Written by in Business on the / Is Buy Now Pay Later Really in Fashion?

Is Buy Now Pay Later Really in Fashion?


As frequent readers of a style publication, I’m sure you’ve noticed a new method of payment when reaching the end of an online shop. In just a couple of clicks, you can get access to easy credit and delay the bill in a matter of seconds, all through a system known as Buy Now Pay Later (BNPL).


Common examples of BNPL schemes are Klarna, Clearpay and Laybuy. They are becoming an increasingly popular option for those who want to make an instant purchase, without the need to save up. They allow the cost to be spread out, typically over 3 payment instalments. Although undoubtedly a convenience for those looking to split a large payment, the overreliance on these schemes has led to an increasing number of people finding themselves in debt.

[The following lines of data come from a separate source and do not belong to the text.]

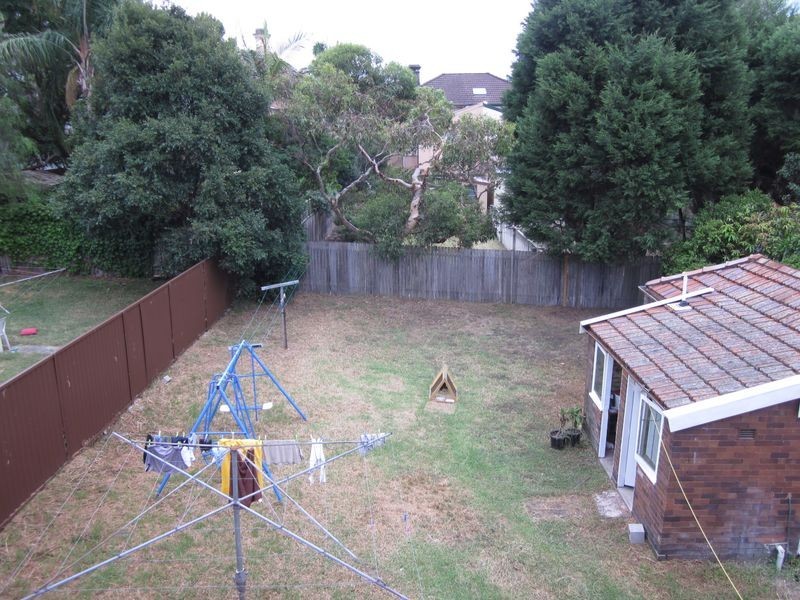 3/52 Charlotte Street, Ashfield NSW 2131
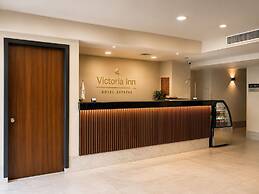Victoria Inn Hotel Express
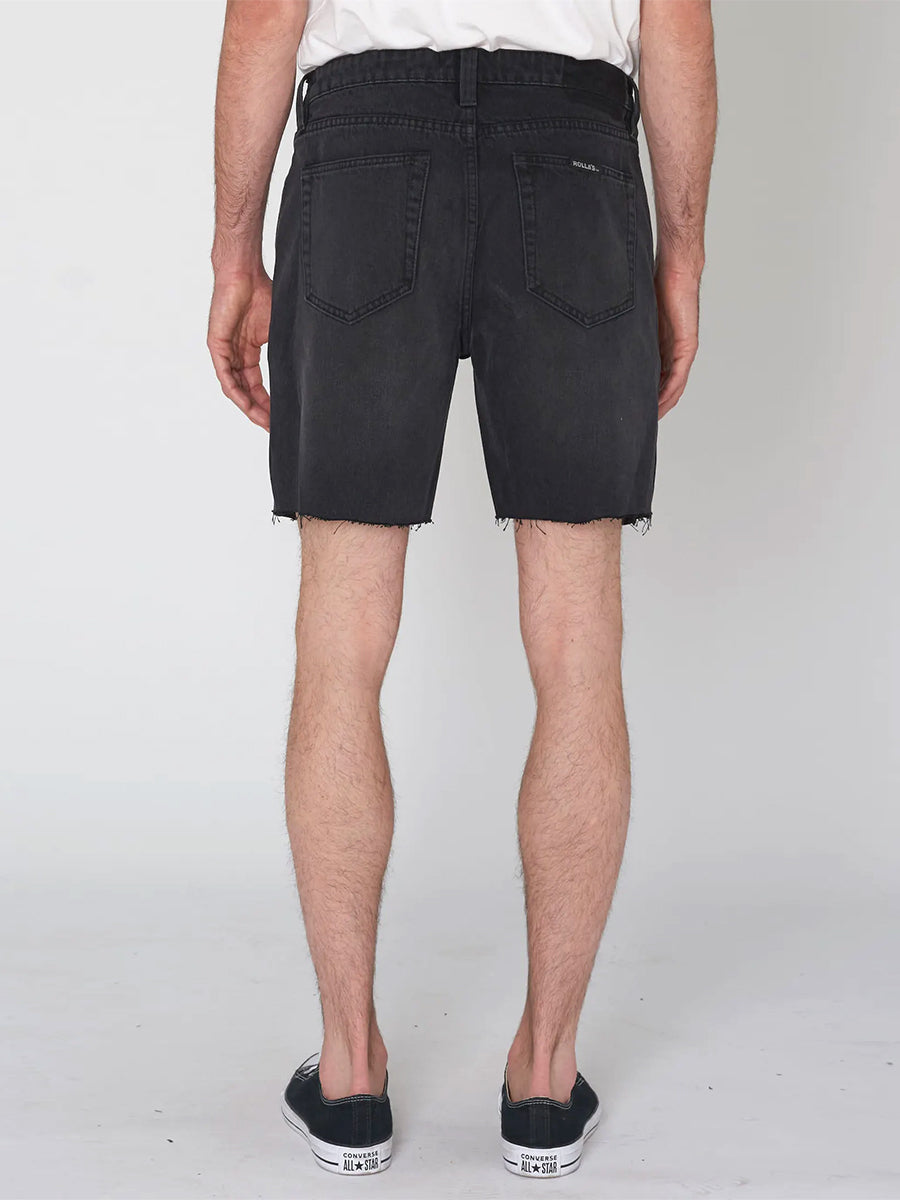 Ezy Short - Black Stone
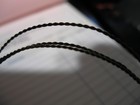 Ames 1860 Staff Civil War Sword Wire Clauberg Horstmann Boker    More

In 2019, over 14,000 people came to PayPlan with a Buy Now Pay Later debt, a worrying 45% increase compared to the previous year. And in a recent survey of their clients between the ages of 18 and 34, 70% said they had used a Buy Now Pay Later scheme. A further 73% said that one of the schemes contributed to their debt problem later on. These days, it’s so easy to lose track of your expenses. On one hand, the rise of online banks, and the budgeting tools they offer, can be really helpful. Yet on the other, the quick access to financing options can lead to purchases stacking up, eventually resulting in a missed payment. The terms and conditions attached to the credit offered by BNPL schemes is often misunderstood and unclear, with more evidence suggesting that shoppers are simply unaware of the dangers. Using a recent example of a BBC case study, a 21-year-old student was shocked to find their credit score affected by a late Klarna payment.



Taglines such as "I’ll choose when I pay" are misleading and give consumers a false sense of freedom and power, implying they can borrow what they want without any consequences. These schemes are an introduction to credit for many young people, so is it right that they support the instant gratification approach to spending? The younger generation, arguably their target audience, don’t always understand just how damaging irresponsible borrowing can be to their credit score. There’s also the effect that the spending habits these schemes facilitate have on mental health. It’s no secret that young people today feel under pressure to look and dress a certain way. A prime example of this can be seen on social media, where thanks to Instagram, Snapchat, Twitter and others, retailers have had to speed up their processes and manufacturing, just to cope with how fast the consumer market is changing. Many young people feel the pressure to keep up with these trends and can get themselves into serious financial difficulty by doing so.



In a recent survey, 59% of PayPlan's clients felt their lifestyle choices had been affected in some way by online influencers and 30% said they felt they had overspent due to adverts seen on social media. Klarna and other Buy Now Pay Later schemes are increasingly present on social media platforms, and the frequent exposure to adverts and offers is having a profound impact on users. Also, when you consider that the average person spends over 2 hours a day on social media, its unsurprising that the two are linked. If you’re tempted to use a BNPL scheme, it’s worth asking yourself: 'Would you buy this if you had to pay for it upfront?' Also, does the expense align with your budget for the month the payment is due? Many of these schemes allow for pay dates to be pushed back, which can then throw next month’s budget out of kilter.



In the world of fast fashion, it’s easy to understand why you would want to push back a payment. Through retailers like ASOS, we’ve become so used to next-day deliveries that we’ll do anything to get what we want, when we want it - even if that means paying for something we can’t realistically afford. The good news is that the regulatory bodies are stepping up. These companies have been told that they must provide better information to consumers in their marketing, and appropriately balance the risks with benefits. By doing so, they will hopefully ensure this type of lending doesn’t cause financial harm for future generations.